At the train station, the lead pack arrives and goes in to buy tickets for the slow train to Mongolia. They learn that the train isn't leaving until 4:00, and they seem to immediately know that bunching is ahead. Dustin and Kandice go off to investigate other options, although unfortunately, they speak of doing so "conspicuously" rather than "inconspicuously." Or else they mean "conspicuously," in which case they are secret backwards-thinking double-spy geniuses. Tyler and James spot them and follow them. There is some effort to make this into some kind of secret spy thing, but I think that really, it's all just... kind of coming to nothing at this point. It might be foreshadowing, or it might compensation for a lack of real inter-team drama, which is great news to me, but not so much to the people who make the show. Come on! Fight, pretty people! Let's see some claws!

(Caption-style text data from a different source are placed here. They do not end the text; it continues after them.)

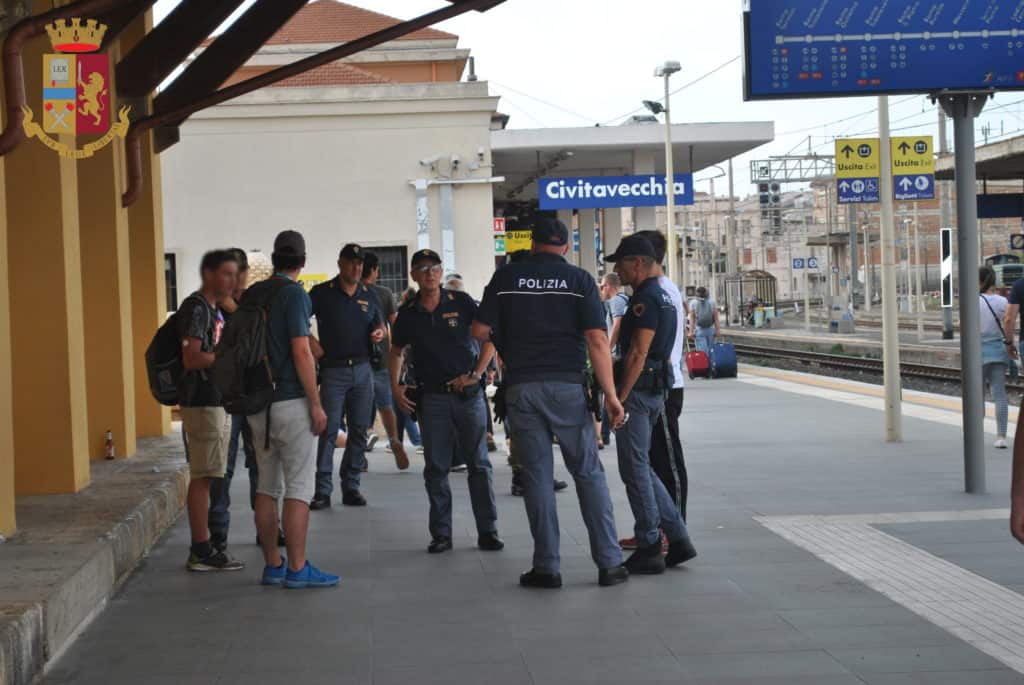 Civitavecchia, sigilli al bar di Campo dell'Oro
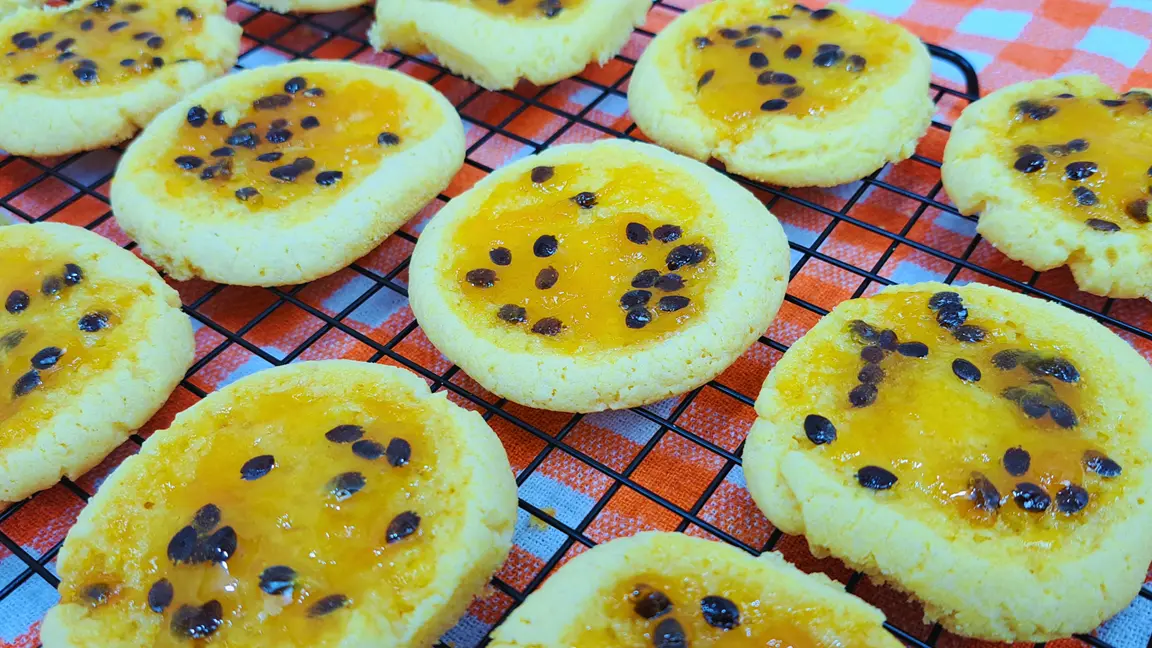 Bolachinhas de Fubá com Maracujá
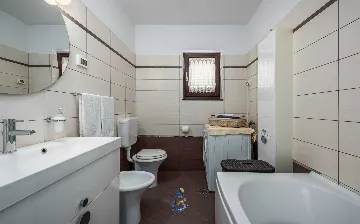 Villa in Tinjan for 6 Guests with Pool & Wellness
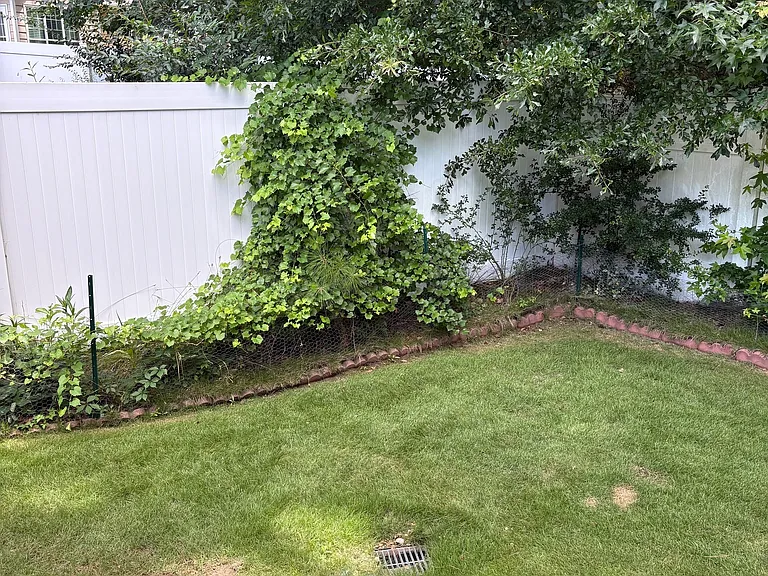 403 Saint Dunstans Ct — Photo 35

Outside, Peter and Sarah are sitting on the steps and relaxing, and her artificial foot (her running foot, the curved one) is attracting quite a bit of attention. Seriously, you can count at least ten people who are doing nothing but standing there and staring at her foot like they're on a desert island and she has a turkey leg. Sounding kind of weary, she says to Peter, "Should I stand up and do a little demonstration?" She stands up and jumps around for a bit. Peter's voiceover here is completely creepy: "It's good having a physical disability," he says, "because we're going to use that to our advantage." Okay, I don't know exactly what he means by that, but it sounds disgusting, like he's saying, "It wouldn't be nearly as helpful if she had an I.Q. of 50, because strangers might not notice, and what good would that do me? How can everyone admire me for being the inspirational disabled person's companion if they don't recognize her on sight as an inspirational disabled person?" He also stands up and announces to the gathered crowd that for a small fee, "she will dance and run back." It's not clear whether he, you know, asked her before offering to have her dance around like a circus animal for money. Sarah looks at the ground, and her mouth is smiling, but the way she smoothes her hair over the top of her head looks like embarrassment and frustration to me, and I do not think she wanted him to turn this into a display for money, rather than "if you're going to stare, you might as well just see what my damn leg does."

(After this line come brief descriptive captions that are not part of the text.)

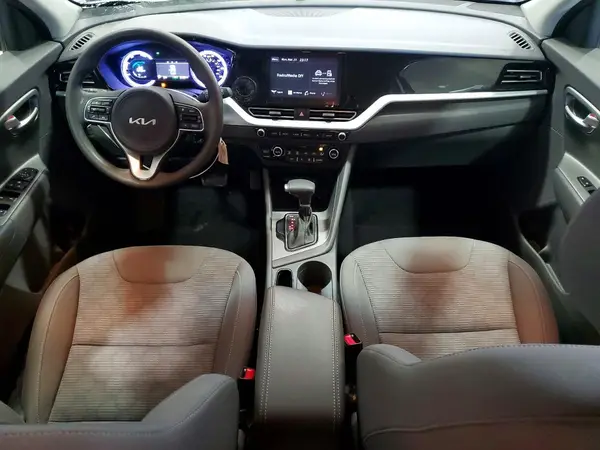 KNDCB3LC5N5535172 2022 KIA NIRO - Image 8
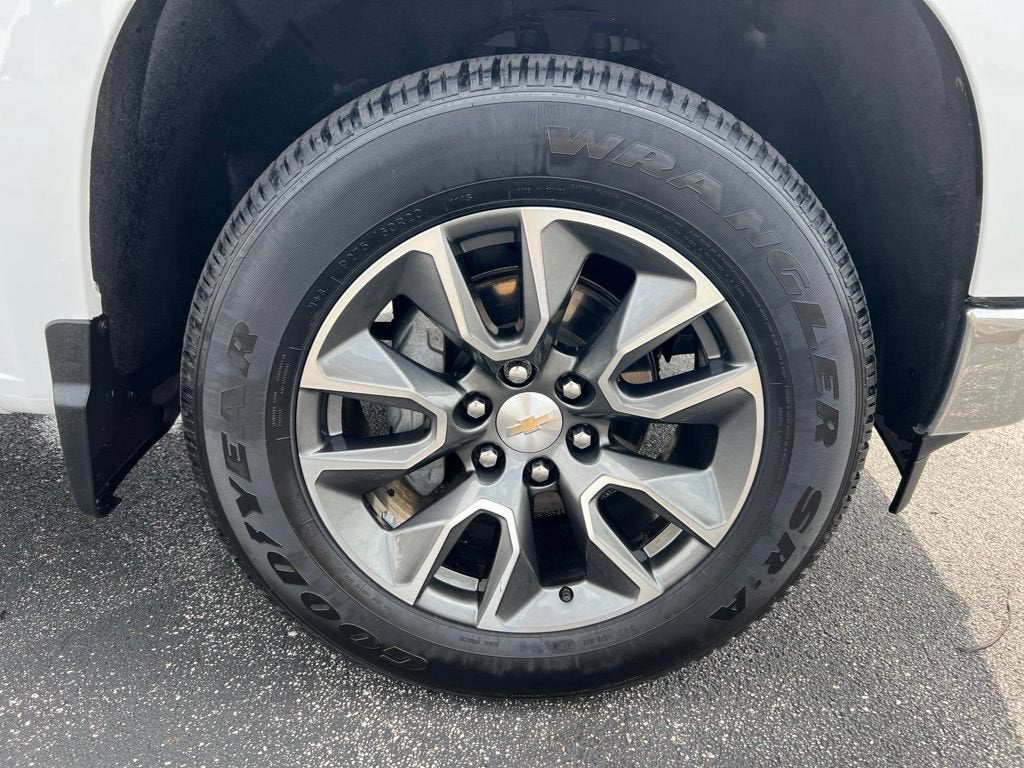 2025 Chevrolet Silverado 1500 LT (2FL)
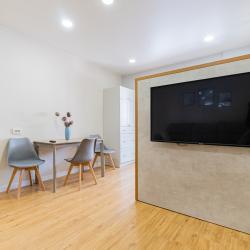 Фото Апартаменты Петровские на улице 79 Г.Дивизии 6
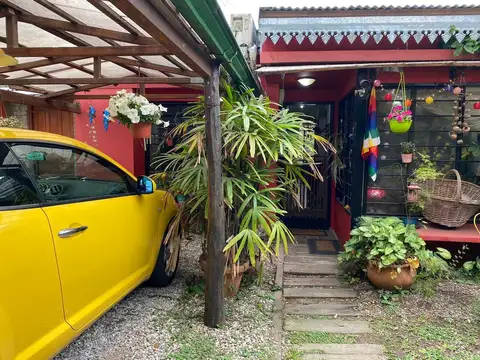 Casa 5 ambientes con 1 baño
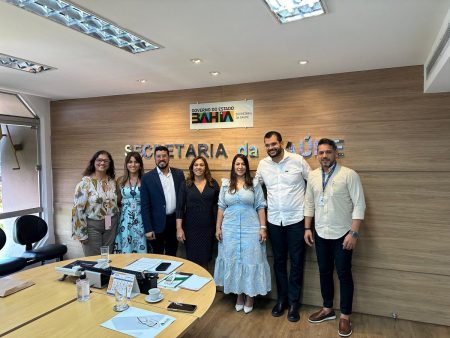 Cláudia Oliveira debate descentralização da saúde na Costa do Descobrimento 11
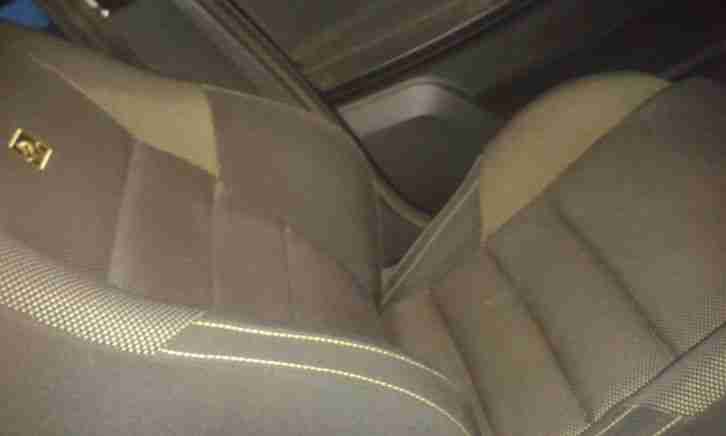 Skoda Roomster 1.4 16V Schwarz Sitzheizung Tempomat BC guter Zustand Sportsitze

But anyway, Sarah runs, and then she runs back, but none of the onlookers want to pay Peter. When she comes back, she comments, "They'd pay money at a zoo, though." Heh. See, I liked her in that scene. Him? Gross. Her? I think she was trying to deal with being stared at as well as she could, and I took that last comment as much more resentment of being treated like a zoo animal in the first place than a comment on the refusal to pay. What's sad about this is that I think that if she had her way, Sarah would race with as little discussion of her leg as possible, and that's not Peter's agenda at all. I don't normally refer to non-show content, but if you watch her pre-race interviews at CBS.com, she explains about how she got the artificial leg, but that's about the extent of it -- she doesn't really talk about how her leg relates to why she wants to do the race or any particular point she's trying to make about amputees or disabled people or artificial limbs or anything. She talks about being really competitive and thinking it would be a really great thing to do, just like all the big competitive things she does (like triathlons) are great things to do. At one point in that interview, Peter starts talking about how wonderful it would be if she were the first woman with an artificial leg to win the race, and you can watch her face just deflate. I think she genuinely has the "show, don't tell" attitude about accomplishing things in spite of her disability, or at least she's choosing to adopt that attitude here. It seems like Peter likes the telling part, because he has nothing to show, if that makes sense.